Counterfactual estimation on nonstationary data, be careful!!!

By insightr

(This article was first published on R – insightR, and kindly contributed to R-bloggers)

By Gabriel Vasconcelos

In a recent paper that can be downloaded here, Carvalho, Masini and Medeiros show that estimating counterfactuals in a non-stationary framework (when I say non-stationary it means integrated) is a tricky task. It is intuitive that the models will not work properly in the absence of cointegration (spurious case), but what the authors show is that even with cointegration, the average treatment effect (ATE) converges to a non-standard distribution. As a result, standard tests on the ATE will identify treatment effects in several cases that there is no effect at all.

For those who are not familiar with counterfactual models: normally, these models have a treated unit (we want to know the effects of the treatment) and several untreated units that we call peers. There units may be cities, countries, companies, etc. Assuming that only one unit was treated and that there is no contamination, we can use information from the peers to project the behaviour of the treated unit as if it was not treated, which is the counterfactual. The models should also be able to identify if the treatment had no effects on the treated unit.

Simulation tests

Here I am going to generate cointegrated data with no treatment to show the behaviour of Synthetic Control and the ArCo (Other techniques will have the same features). The data is very simple and it is based on the mentioned article’s example. We are going to generate 100 observations of 10 time-series, 9 random walks and one that is the sum of these random walks plus an error, which is the treated unit. However, I will not include any treatment and I want the models to show that there was no treatment. The hypothesis to be tested is that at we had some treatment in the treated unit.

library(ArCo)
library(glmnet)
library(Synth)

T=100 # Number of Observations
n=10 # Number of Time Series
set.seed(1) # Seed for replication

# Generate random walk peers
peers=matrix(0,T,n-1)
for(i in 2:T){
  peers[i,]=peers[i-1,]+rnorm(n-1)
}

# Generate the treated unit
y1=rowSums(peers)+rnorm(T)

# Put all the TS together
Y=cbind(y1,peers)

# Plot all TS. The black line is the "treated unit"
matplot(Y,type="l")

plot of chunk unnamed-chunk-16

First, I am going to estimate the ArCo. The $delta show the average treatment effect with 95% confidence interval. As you can see, the test indicated that the treatment was statistically significant (the zero is very far from the confidence interval). The plot also show a dislocated counterfactual (blue line).
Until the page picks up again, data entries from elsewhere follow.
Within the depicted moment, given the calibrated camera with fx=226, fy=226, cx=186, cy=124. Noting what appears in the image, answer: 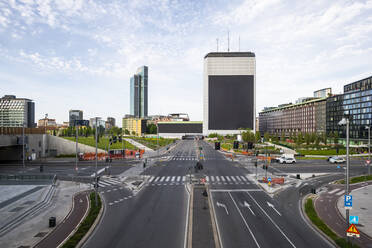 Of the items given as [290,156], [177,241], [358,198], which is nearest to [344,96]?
[290,156]

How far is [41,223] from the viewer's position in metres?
21.2

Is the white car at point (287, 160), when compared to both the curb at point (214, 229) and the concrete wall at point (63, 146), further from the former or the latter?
the concrete wall at point (63, 146)

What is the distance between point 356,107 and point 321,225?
113 metres

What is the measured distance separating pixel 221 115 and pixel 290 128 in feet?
174

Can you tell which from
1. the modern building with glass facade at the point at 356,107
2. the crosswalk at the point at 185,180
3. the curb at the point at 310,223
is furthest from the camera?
the modern building with glass facade at the point at 356,107

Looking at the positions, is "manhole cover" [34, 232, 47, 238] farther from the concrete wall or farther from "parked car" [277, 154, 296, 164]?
the concrete wall

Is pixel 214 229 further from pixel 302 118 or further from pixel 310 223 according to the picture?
pixel 302 118

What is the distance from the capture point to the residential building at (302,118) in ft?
458

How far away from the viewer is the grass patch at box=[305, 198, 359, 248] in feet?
53.8

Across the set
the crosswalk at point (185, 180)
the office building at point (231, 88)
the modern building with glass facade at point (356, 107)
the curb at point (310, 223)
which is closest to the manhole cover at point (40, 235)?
the crosswalk at point (185, 180)

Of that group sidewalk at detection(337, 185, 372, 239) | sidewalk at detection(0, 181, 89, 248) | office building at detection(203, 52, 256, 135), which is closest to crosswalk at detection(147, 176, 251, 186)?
sidewalk at detection(0, 181, 89, 248)

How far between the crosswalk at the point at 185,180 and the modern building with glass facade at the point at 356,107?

# Estimate the ArCo in the non-stationary data
arco=fitArCo(list(Y),cv.glmnet,predict,treated.unity = 1,t0=51)
arco$delta
##                  LB     delta        UB
## Variable1 -6.157713 -5.236705 -4.315697
plot(arco)

plot of chunk unnamed-chunk-17

Now I am going to estimate the Synthetic Control. The Synth package does not have an implementation of a formal test. However, we can have a good idea from the counterfactual plot, which also indicates that the treatment was effective (even though there was no treatment).

# Estimate the Synthetic Control in the nonstationary data

# Put the data in the Synth package notation
sY=as.vector(Y)
timeid=rep(1:T,ncol(Y))
unitid=sort(rep(1:ncol(Y),T))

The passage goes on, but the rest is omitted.